Set down each entry exactly as given; pictures should not appear in the copy.

[Short descriptive text snippets]
++++++++
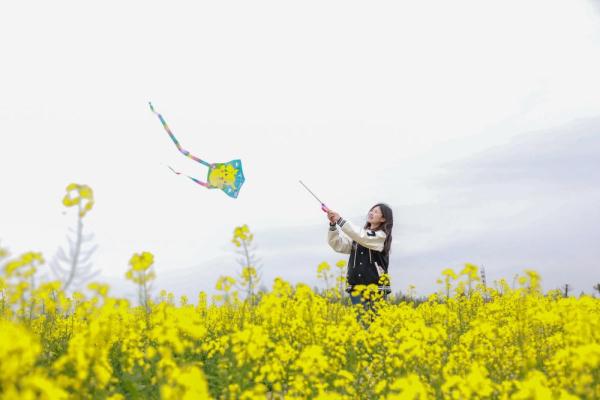 你见过春风的样子么？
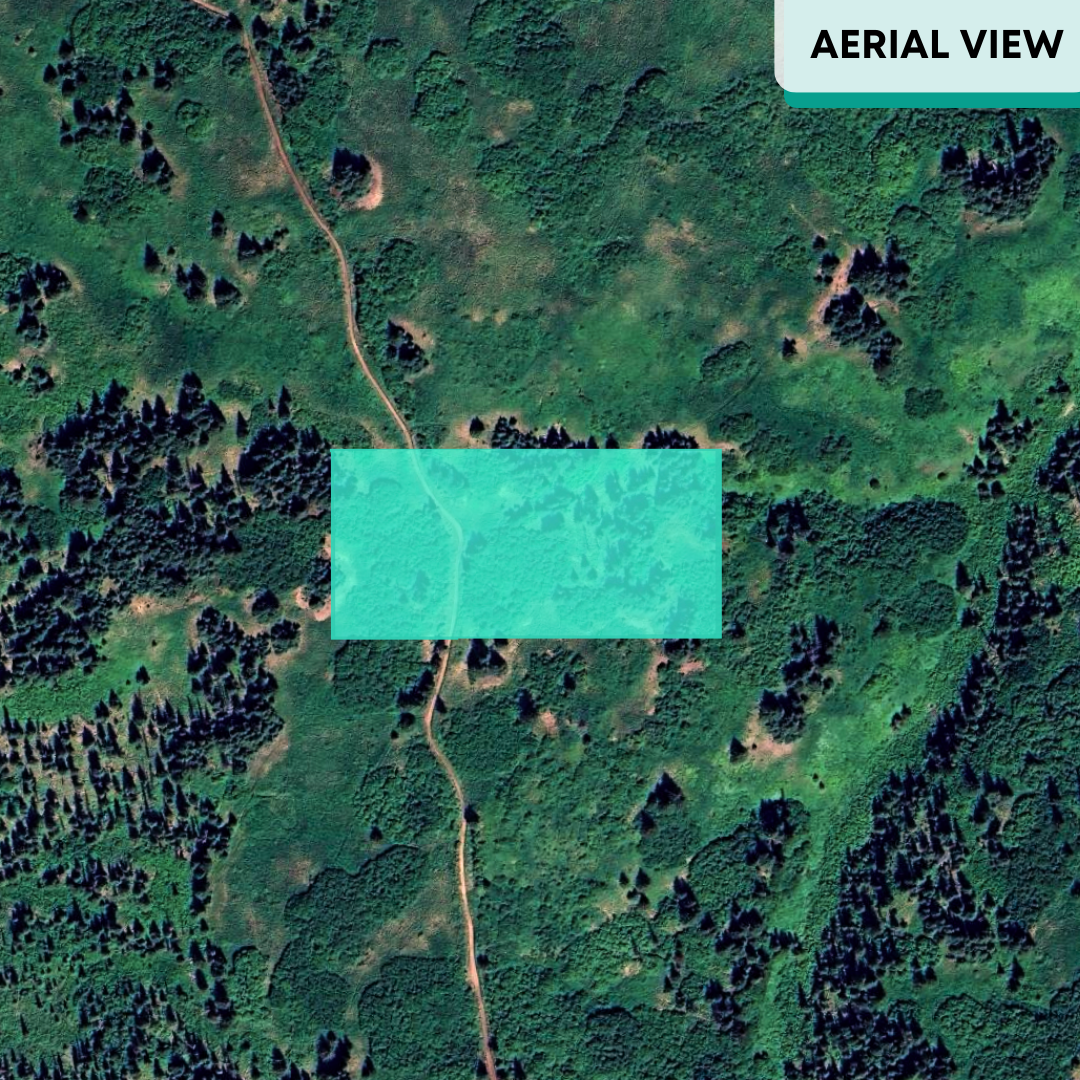 5 Acres in Homer, AK with Rural Unrestricted Zoning for Sale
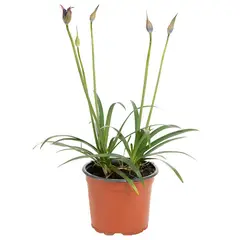 VIVEROS HIJUELAS - Planta Agapantho color 30 cm ct 19 cm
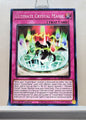 Yugioh! Structure Deck: Crystal Beasts Singles (SDCB - Common) 1st Edition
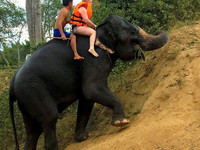 Слон-внедорожник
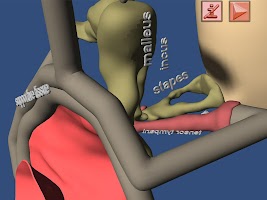 Human Ear structure in 3D APK Gambar Screenshot #12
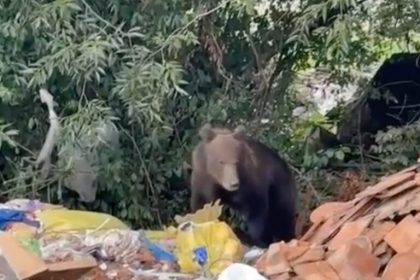 Localnicii din Talmaciu speriai de un urs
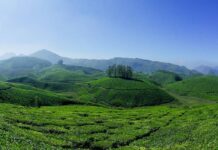 सितंबर में दक्षिण भारत का दीदार करने के लिए 5 बेहतरीन जगहें मुन्नार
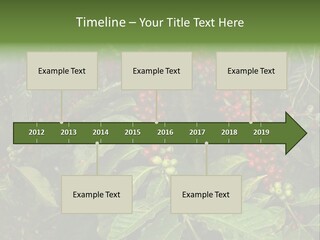 Ripe Coffee Berries PowerPoint Template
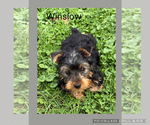 Small #3 Yorkshire Terrier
++++++++
Task result
 你见过春风的样子么？
 5 Acres in Homer, AK with Rural Unrestricted Zoning for Sale
 VIVEROS HIJUELAS - Planta Agapantho color 30 cm ct 19 cm
 Yugioh! Structure Deck: Crystal Beasts Singles (SDCB - Common) 1st Edition
 Слон-внедорожник
 Human Ear structure in 3D APK Gambar Screenshot #12
 Localnicii din Talmaciu speriai de un urs
 सितंबर में दक्षिण भारत का दीदार करने के लिए 5 बेहतरीन जगहें मुन्नार
 Ripe Coffee Berries PowerPoint Template
 Small #3 Yorkshire Terrier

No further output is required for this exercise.